Permanent Mission of Japan to the United Nations, NY

15 April 2016



          Today UNDP and Japan sign an Exchange of Notes underwriting a critically important humanitarian and development project “the Project for Transmission of Reliable Electricity to Respond to the Immediate Humanitarian Needs in Crisis-affected Communities of Syria”.


          The people of Syria have been suffering unimaginably through a protracted six-year-long crisis. The international community has struggled to find a solution to this crisis. Almost every week we discuss the Syrian issue at the United Nations Security Council. Now, with the resumption of peace talks at the Intra-Syrian Dialogue in Geneva, Syria takes a step forward on the path back to peace.
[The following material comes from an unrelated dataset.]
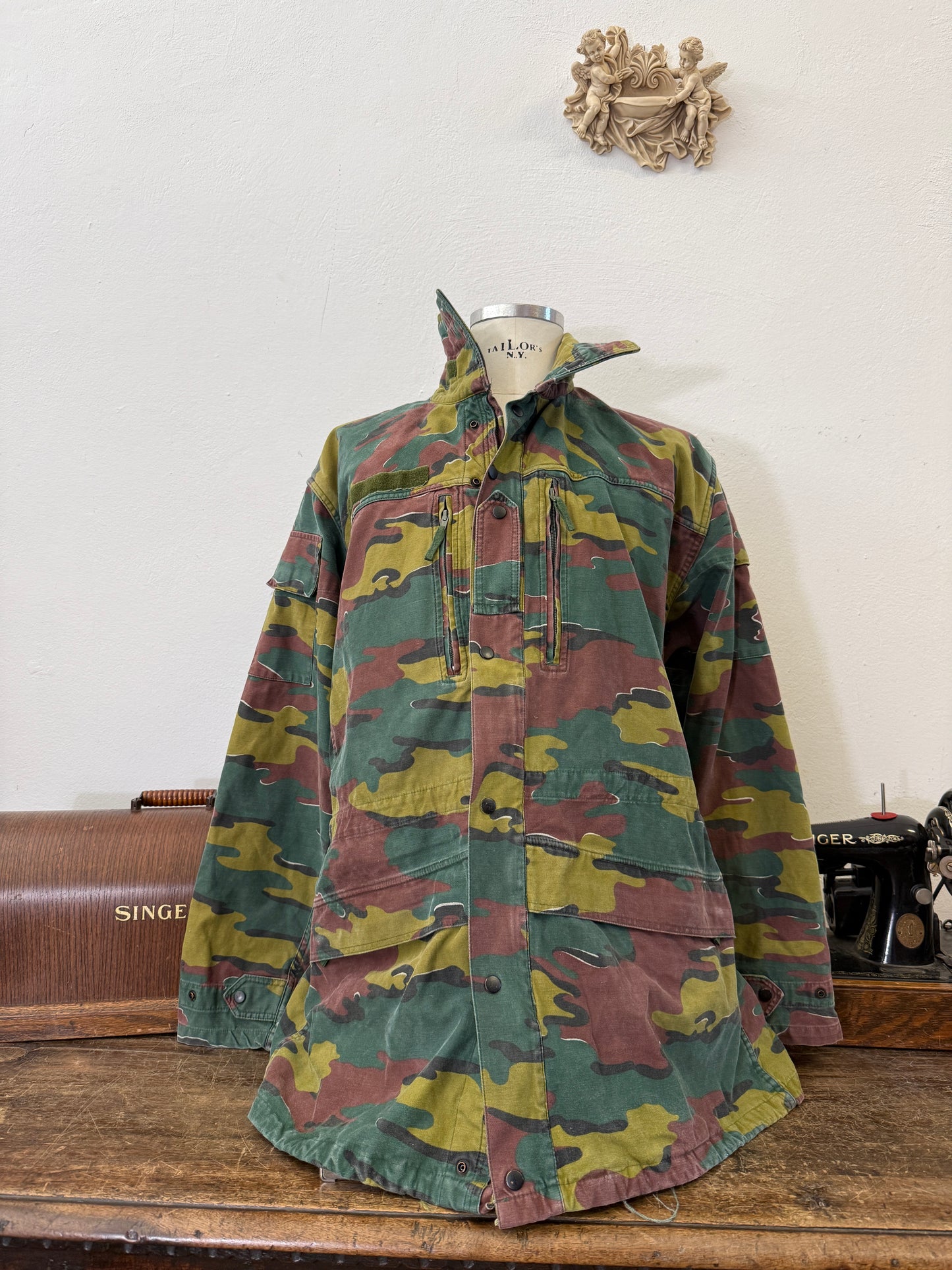 Vintage Belgian Army Camo Jacket “XL”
          Syria is a beautiful country with an ancient history and a rich culture. Japan has long been involved in Syria’s development and has also provided it with humanitarian assistance. I have personally been engaged in developing the relationship between Japan and Syria.


          The project that Japan and UNDP have agreed today to implement will play a pivotal role in laying a solid foundation upon which the Syrian people may rebuild their livelihoods and Syria may once again advance its economic development. Since we cannot dispatch Japanese experts and engineers to Syria under the current circumstances, we will be conducting the project through our collaboration with UNDP.


          Japanese assistance in Syria’s power sector began in the 1980’s. Before the crisis, three power plants which had been constructed using Japanese ODA generated approximately 56% of all electricity in Syria. These power plants are in fact still producing electricity, and I understand that the power generated by these plants has been distributed broadly throughout Syria including areas controlled by opposition forces. However, the most important thing to remember is that all Syrian people regardless of where they may reside during this conflict need electricity. Electricity is a basic necessity for lives and livelihoods of the Syrian people and an indispensable component of humanitarian assistance.


          This project is not only important for its development aspect but also for its peace-building aspect. The reason why Japan is underwriting this project is to support movements toward peace. Electricity is as important to people’s lives and livelihoods as food and water. To distribute electricity is to give hope to Syria’s future. I believe this project will serve to strengthen the resilience of Syrian society, and thus can provide conditions that Syrian people may feel they want to remain in their country.


          I deeply hope that progress will be made in the Intra-Syrian Dialogue in Geneva and that Syria will move out of this current difficult situation.


          I thank you all in attendance today.